WenjieDu/PyPOTS

View on GitHub
pypots/nn/functional/normalization.py

Summary

Maintainability
A
25 mins
Test Coverage
"""
Store normalization functions for neural networks.
"""

# Created by Wenjie Du <wenjay.du@gmail.com>
# License: BSD-3-Clause


from typing import Tuple, Optional

import torch


def nonstationary_norm(
    X: torch.Tensor,
    missing_mask: Optional[torch.Tensor] = None,
) -> Tuple[torch.Tensor, torch.Tensor, torch.Tensor]:
    """Normalization from Non-stationary Transformer. Please refer to :cite:`liu2022nonstationary` for more details.

    Parameters
    ----------
    X : torch.Tensor
        Input data to be normalized. Shape: (n_samples, n_steps (seq_len), n_features).

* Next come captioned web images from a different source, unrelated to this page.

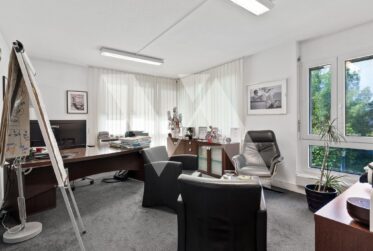 A vendre - Bureaux à proximité immédiate du centre-ville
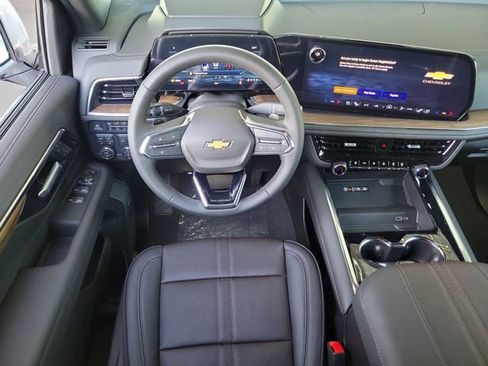 New 2026 Chevrolet Suburban High Country image 7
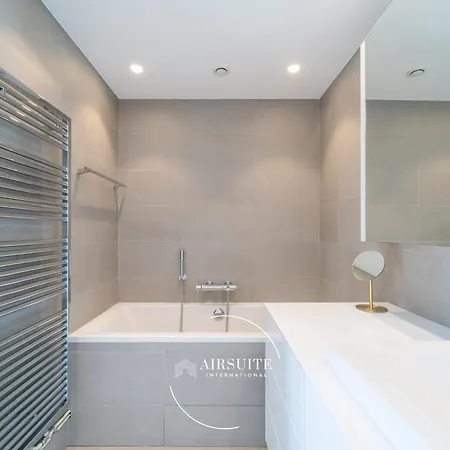 Luxury Trocadero Tranquility 1br By Airsuite *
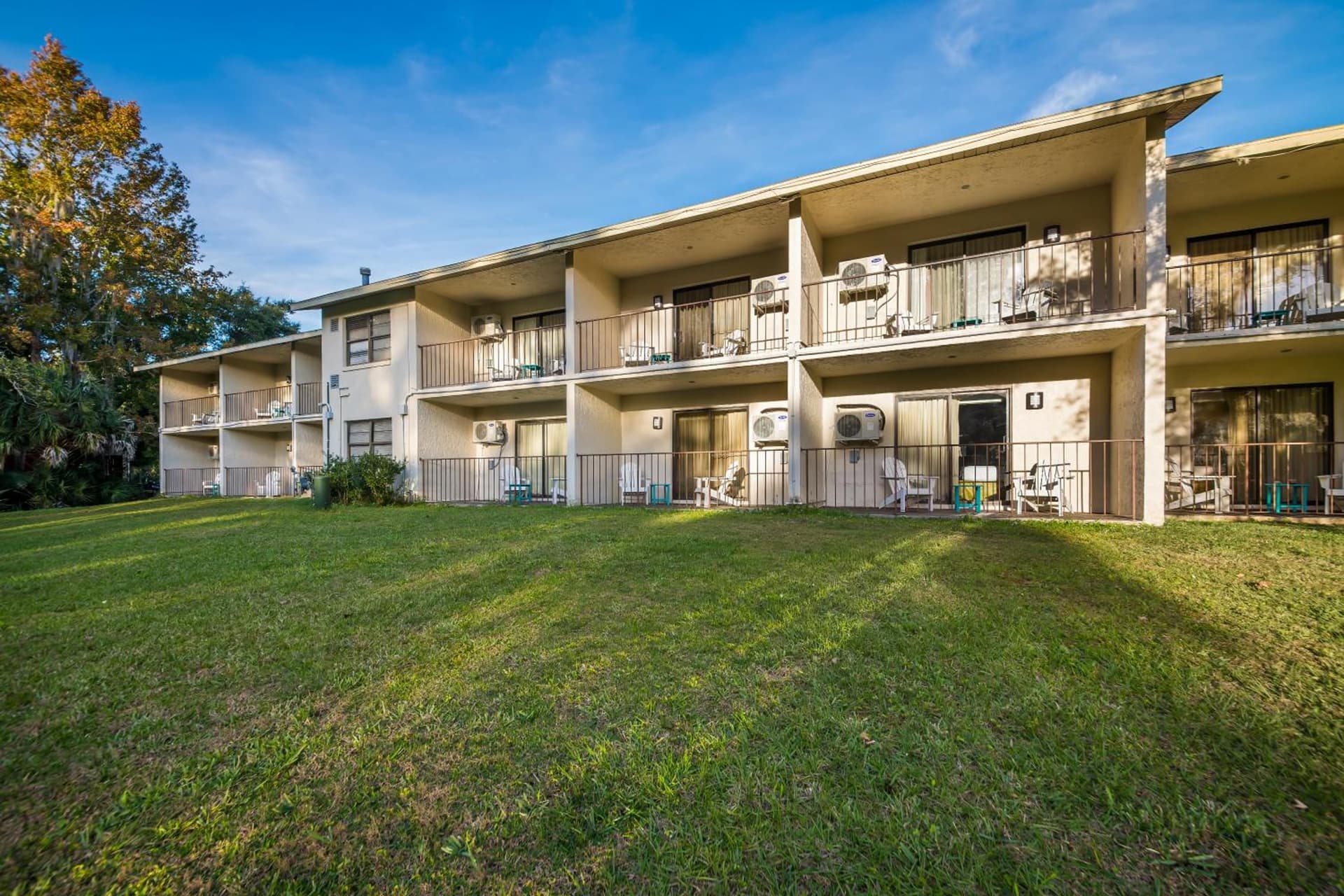 PaddleTail Waterfront Lodge, Trademark Collection by Wyndham gallery photo in Crystal River, FL — image 15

    missing_mask : torch.Tensor, optional
        Missing mask has the same shape as X. 1 indicates observed and 0 indicates missing.

    Returns
    -------
    X_enc : torch.Tensor
        Normalized data. Shape: (n_samples, n_steps (seq_len), n_features).

    means : torch.Tensor
        Means values for de-normalization. Shape: (n_samples, n_features) or (n_samples, 1, n_features).

    stdev : torch.Tensor
        Standard deviation values for de-normalization. Shape: (n_samples, n_features) or (n_samples, 1, n_features).

    """
    if torch.isnan(X).any():
        if missing_mask is None:
            missing_mask = torch.isnan(X)
        else:
            raise ValueError("missing_mask is given but X still contains nan values.")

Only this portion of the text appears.